Pages

Thursday, 9 February 2012

The Scots are taking over the MET's Gotterdammerung?

The Scotsman interviews the MET Gotterdammerung's Paterson & Cargill:


As the New York Met’s epic production of Götterdämmerung is broadcast in cinemas, Tim Cornwell travels to the USA for a look behind the scenes – and to meet two of the opera’s Scottish stars

OPERA doesn’t get much bigger than Götterdämmerung at the Met – the four-hour climax of Richard Wagner’s Ring cycle, at New York Metropolitan Opera – “the biggest, grandest, most respected opera house in the world”, as Vanity Fair magazine put it. The company spends over $250 million (£156m) a year, rotating between about two dozen different operas at the rate of up to seven shows a week.

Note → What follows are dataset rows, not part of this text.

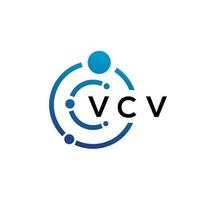 vcv-Buchstaben-Technologie-Logo-Design auf weißem Hintergrund. vcv kreative Initialen schreiben es Logo-Konzept. vcv Briefgestaltung. vektor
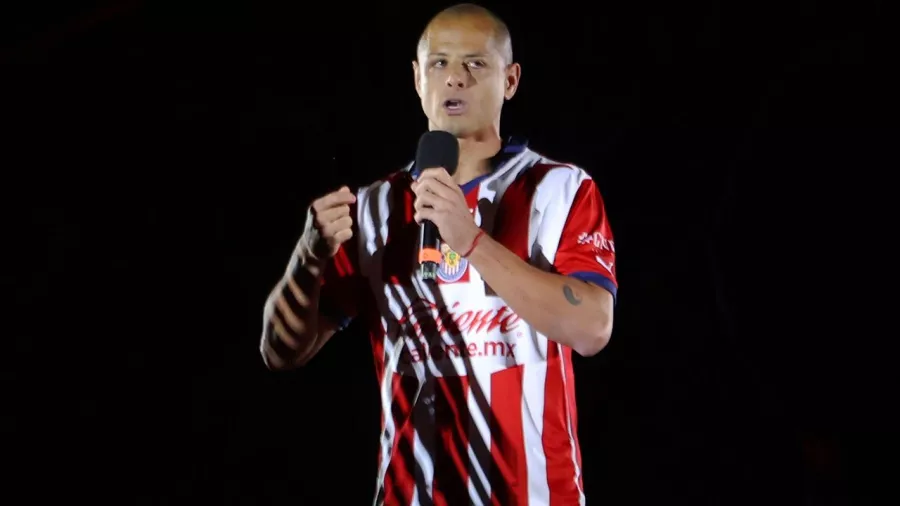 ‘Chicharito’ tuvo una épica presentación en el Estadio AKRON el 27 de enero y dio un emotivo discurso.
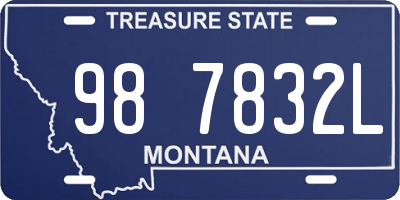 MT license plate 987832L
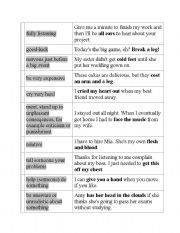 English Worksheet: Body Idioms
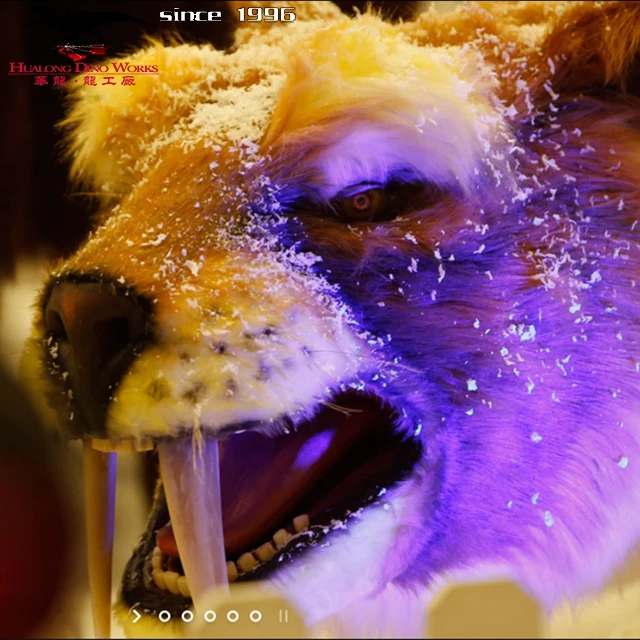 2023 Animal Theme Park Realistic Artificial Animal Model and Zoo Life Size Animatronic Animals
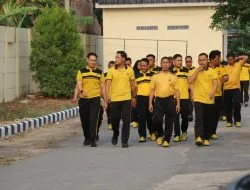 Jaga Kebugaran dan Kekompakan, Polres Tulang Bawang Gelar Olahraga Bersama Personel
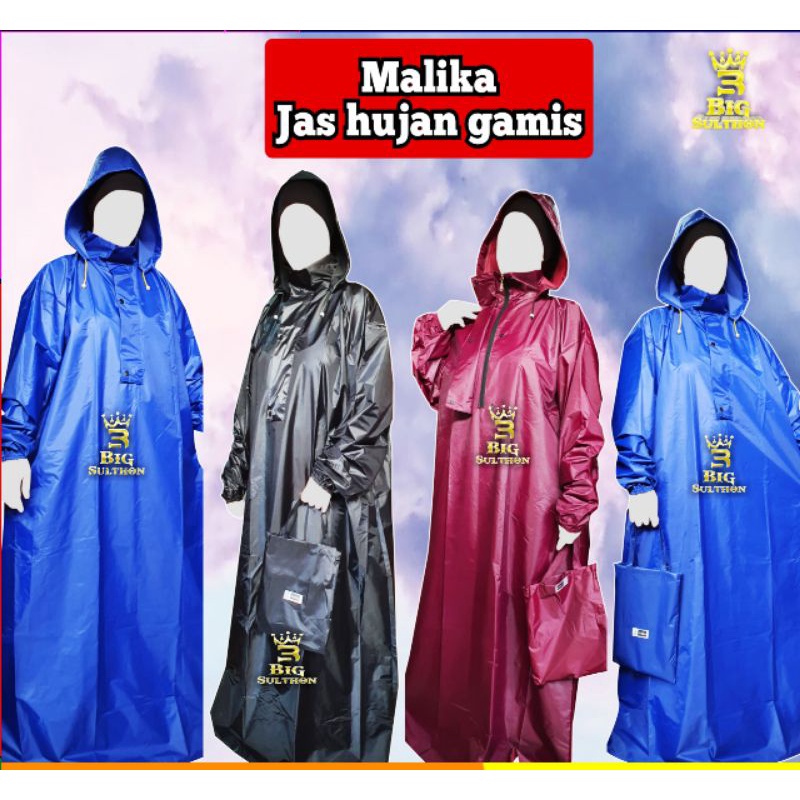 Grosir jas hujan Gamis JUMBO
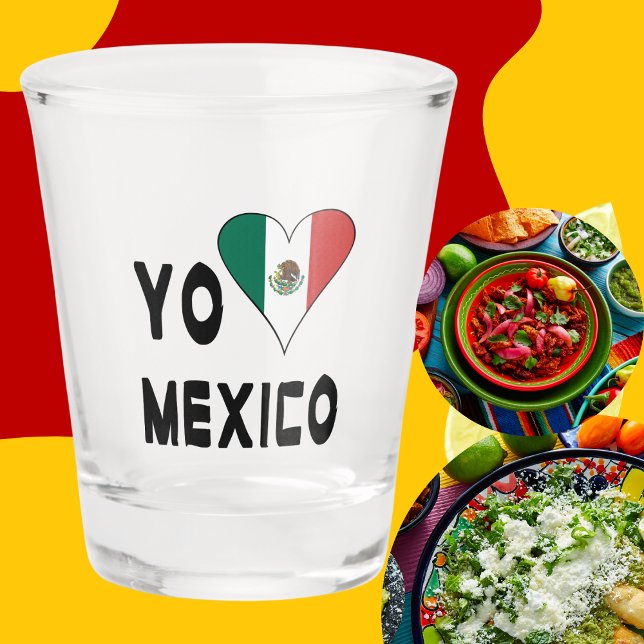 Yo Amo Mexico Schnapsglas (Von Creator hochgeladen)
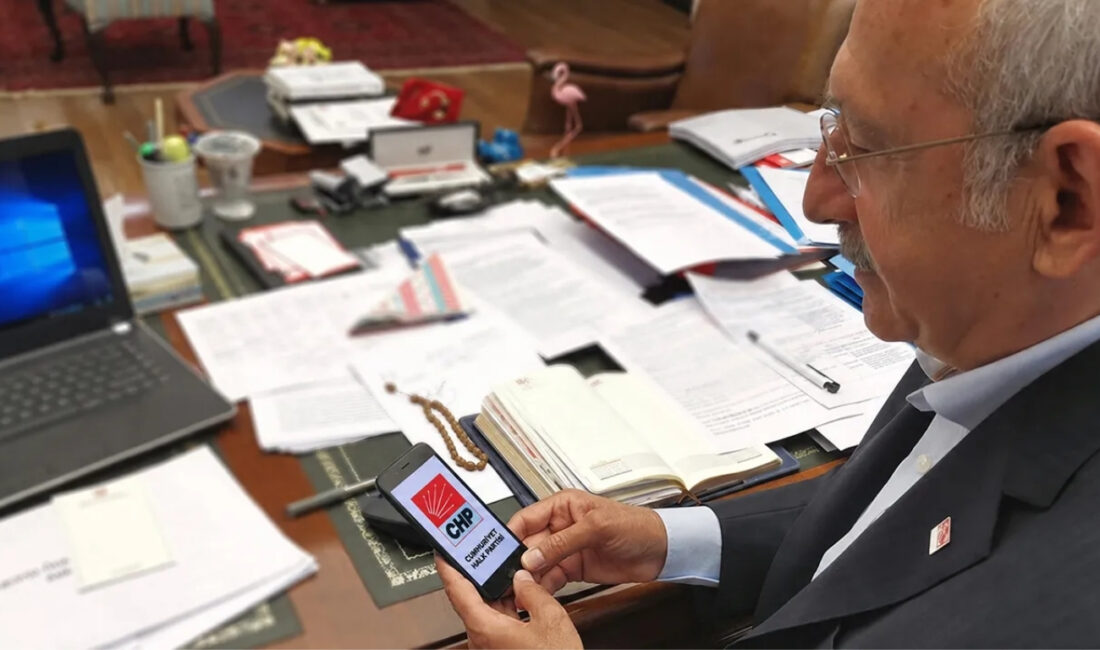 Cumhuriyet Halk Partisi’nin resmi sosyal medya hesabında dikkat çeken bir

The Met’s new Ring cycle is directed by Robert LePage and cost a reported $16m (£10m). It has become famous for its 45-ton (40 tonne) set, consisting of 24 giant angled planks that rotate on an axle above and to the back of the stage. They are set near-flat for some scenes, vertically for others, while video projections turn them into forests, fiery mountains, forbidding banquet halls or rivers flowing with blood. In some they move and lurk menacingly, like giant abstract dogs.

This Saturday, two weeks after its premiere, Götterdämmerung will be broadcast live to over 1,600 cinemas in 54 countries, including seven in Scotland. One of the most human figures in this drama of Gods and superheroes is Gunther, a weak-willed, self-doubting king who plots the betrayal of heroic Siegfried but is still in awe of him. He’s played by bass-baritone Iain Paterson, the Royal Scottish Conservatoire graduate whose career is on a rising trajectory on the international opera stage.

When I arrive, the scene on the stage at the Met looks like a cross between a film set for On the Waterfront and another for Ben-Hur. Giant classical pedestals from the set of Anna Bolena, the Donizetti opera designed by Paterson’s fellow Glaswegian David McVicar, are being slowly lowered into place for the evening’s performance, dwarfing stage crew who swarm around like dockworkers. The understage seems as cavernous as a dry dock for the Titanic.


To the right, the huge revolving beams that made up the set of the previous night’s Götterdämmerung are stowed, awaiting their next outing.

Paterson leads the way through to the dressing rooms, down a corridor lined with double-bass cases that face out from the walls like sarcophagi. We wait for three huge silvery chandeliers to be rolled past us on trolleys. His name is on one of the doors, though velvety costumes for another singer, from the cast of Anna Bolena, are already hanging there.

Three years ago, when he came here for his debut performance at the Met, a helpful porter told Paterson: “This is the dressing room that Mr Pavarotti used to prefer.” He was monitoring his blood pressure regularly, at that time, and on that night, “the biggest thing” he’d ever done it went from normal to “through the roof”. “I don’t know if they were winding me up, but it certainly broke the tension,” he says.

The Scots are not quite taking over Manhattan. But from our country, better known in the opera scene for the emasculation of its national opera company rather than nurturing superstars, there is quite a confluence of talent. The Scottish mezzo-soprano Karen Cargill makes her own Met debut in Götterdämmerung in April, singing the Valkyrie Waltraute in one of the opera’s most moving passages (meaning she is not featured in this weekend’s broadcast). The musical coach working closely with both of them is John Fisher, another Glaswegian, a legendary opera director who ran both La Scala and Welsh National Opera. McVicar’s new production of Anna Bolena, meanwhile, is just a reminder of that director’s huge presence on the international opera scene.


At a boutique coffee shop near the Lincoln Centre, housing New York’s opera and ballet companies and its famed Juilliard School, Paterson and Cargill meet for an interview and a gossip, and agree to meet Fisher to watch the Scotland-England rugby match. “It’s Mecca, really, it is Mecca,” Cargill says. When she came for the audition, walking past the photographs of the great singers of the past, “I don’t know how I managed to walk. It’s slightly terrifying, but it’s amazing.”

Paterson graduated from what was then the Royal Scottish Academy of Music and Drama a couple of years before Cargill. They pursued different paths to success, with Paterson heading to Opera North and rising up the ranks in English opera, while Cargill focused initially on a concert career, and firmly rooted in Scotland. New York’s been a bit of a reunion, for their two careers have rarely crossed paths until recently.

“People have been coming up to me and saying, your countrywoman has got a fair set of pipes,” says Paterson.

Both have sung big roles in big houses internationally – Paterson in Don Giovanni at English National Opera and Billy Budd at Glyndebourne; Cargill in the Berlin Philharmonic and at the Proms – but they share what seems a genuine ingenue’s astonishment at being at the Met.